Last week I picked up some new jazz CDs.  The most prized among the finds is "Monk Alone: The Complete Columbia Solo Studio Recordings 1962-1968."  Most prized on two counts: 1. I love Monk's music and this is a two-CD set of fascinating material. 2. It was Charles who turned me on to Monk. I still have the Monk's Greatest Hits LP Charles sent me when I was beginning to swing toward a preference for jazz. Charles had been a jazz fan since his teen years as well. Then he heard the great players at clubs in NYC, when Bop was sharing the bandstand with Cool. Charles was our long-distance chief fan and cheerleader as my brother and I began to play small jazz gigs around Cedar Rapids.  Charles, Deb and I made pilgrimage-style strolls down Manhattan's Thelonious Sphere Monk Circle. When Charles began to write in earnest, jazz and other musical references permeated his pieces.

So, here is Charles Kennedy's  "Spider Songs."  This piece appears in The Fish Jumps Out of the Moon and is part of an (as yet) unpublished photo-essay book Charles compiled about the butterfly vivarium at the American Museum of Natural History in NYC.  It has a "haibun" form, more or less, wherein a story is told by way of prose which is wrapped around integrated haiku.Charles is at his magical, musical best when he weaves many of his passions together, as he does here; bugs, dogs and cats, photography, haiku, music, and whimsy. Enjoy!

Spider Songs

     I was sitting in a bookstore one afternoon thinking about whether I believed or not that snowflakes make such a cacophony on the Hudson River that it is deafening to the eels; well, I suspect that it may at least be uncomfortable for them.  At that thought I slapped my forehead, realizing that I had answered a poetic conundrum that I had been struggling with for more than a year.

I can’t hear them
damn— I’ll never hear them
spider songs

     Here are some of the people that sing spider songs to me.  First, the spider mic would be handed to Anita O’Day, who would sing “A Nightingale Sang In Barkley Square,” and then “Georgia.”  (I know a great story about what happened to her uvula.)  Also Ella, Billie, even a punk kid named Norah Jones.  ( Do you believe--Ravi Shankar is her father?)  Chet Baker would come back and sing and blow that magic spider trumpet, but the group best prepared to sing spider songs would probably be Lambert, Hendricks, and Ross.  Pure glorious jazz.  But so many would sing great spider tunes if they were properly asked.

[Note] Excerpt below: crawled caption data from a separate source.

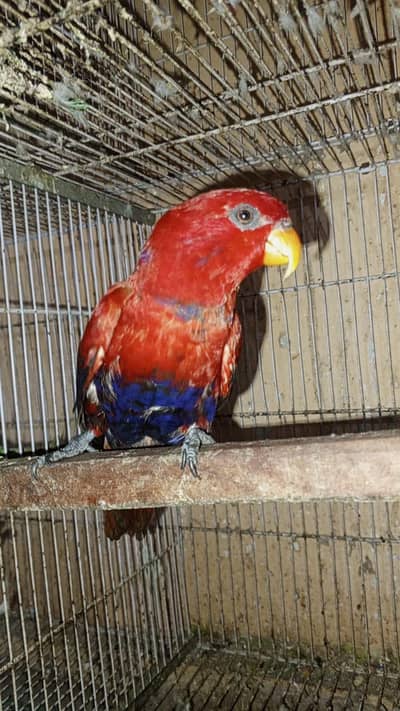 Green Ringneck & Lorry volit Neck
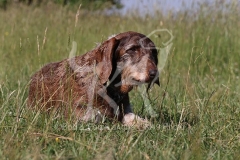 Dachshund - Wire-haired Standard
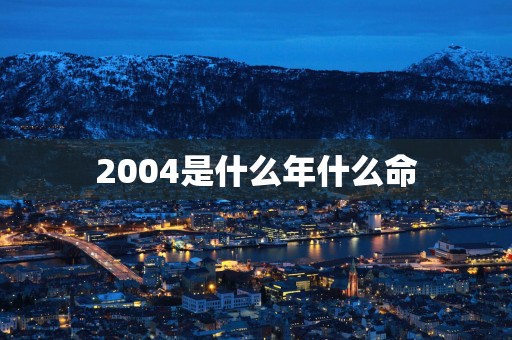 2004是什么年什么命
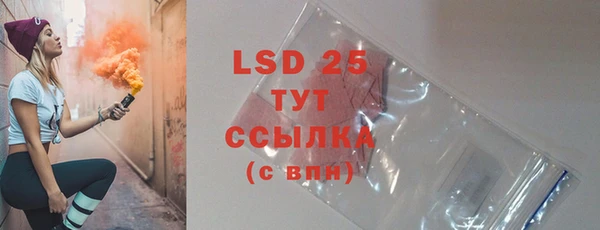 дживик Тында
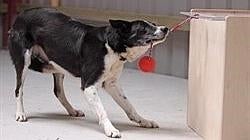 Un Border collie, en una prueba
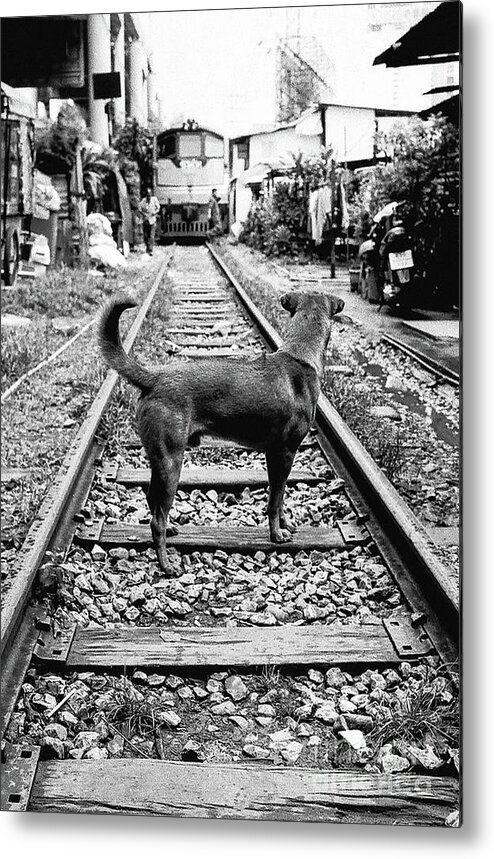 Train Metal Print featuring the photograph Dog Meets Train by Dean Harte
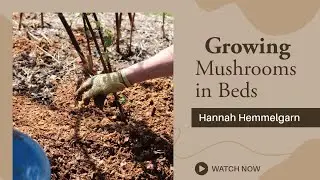 Growing Mushrooms in Beds Part Two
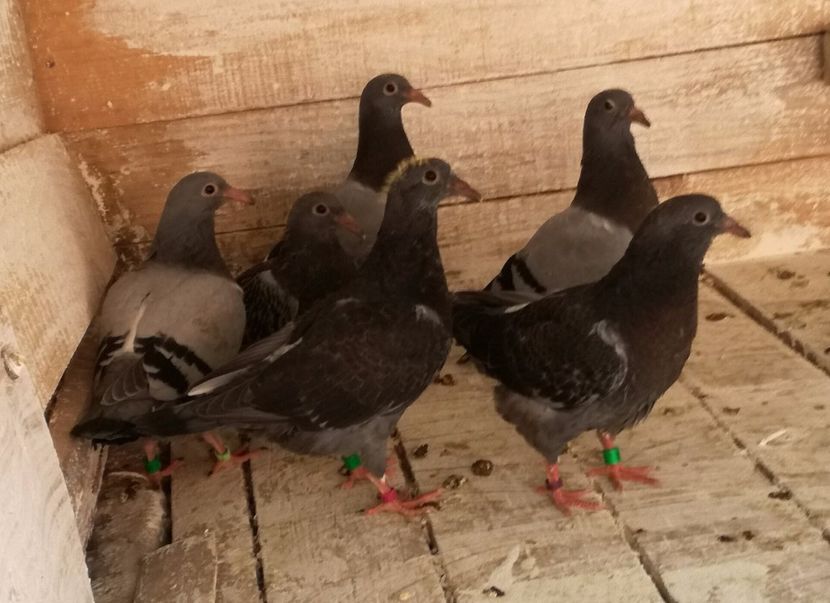  - Seria a doua de pui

     Fool.  Spiders don’t sing.  I mean, maybe they do, but I have just now quit the game of listening for spider vocals, although clearly they are the jazziest of all the invertebrates.  Of the avians in North America, well , Central Park, anyway, Catbirds are the Jazz Birds, even though the evening song of the Robin is hauntingly inventive.  Of our satellite mammals, what is more musically celebratory than a good howling dog? (I did have  a cat, Rainbow, who sang riffs to “Summertime.”  She was a natural coloratura.) Anyway, sometimes Lord God Dog and I howl together.  Not as much as we used to, though.  He is a harsh judge, it seems, of my talent.  He’s terrific, though.

     Now to what it really is.  I thought it was about Duke and Thelonious and those guys, but it’s not.  It’s Chopin!  I insist that you go out in the evening and listen for yourself. They all play Chopin, at least the orb web weavers do.  Really!  (Some it’s said, hum along.  I’ve never heard that, but I have heard Lionel Hampton do heavy humming and Glenn Gould was famous for humming, but that was Bach.)
     I’ve never played Chopin for a spider, not yet.  It would be easy to carry in a small recorder to where Araneus Diadematus was building her deadly auditorium for the night. 

the spider
sips its moth
night continues

     The cute idea would be to play Chopin’s “Nocturnes,” but I’d want to play his Etudes for her.  I’ve implied that this orb weaver already knows Chopin but I don’t know for sure.  Anyway, you must sit here and watch her weave that web and you’ll see why I believe that spiders know Chopin.  It’s so, well, musical sitting here watching Diadematus sing and dance.
     And that tunnel weaver over there--Wagner!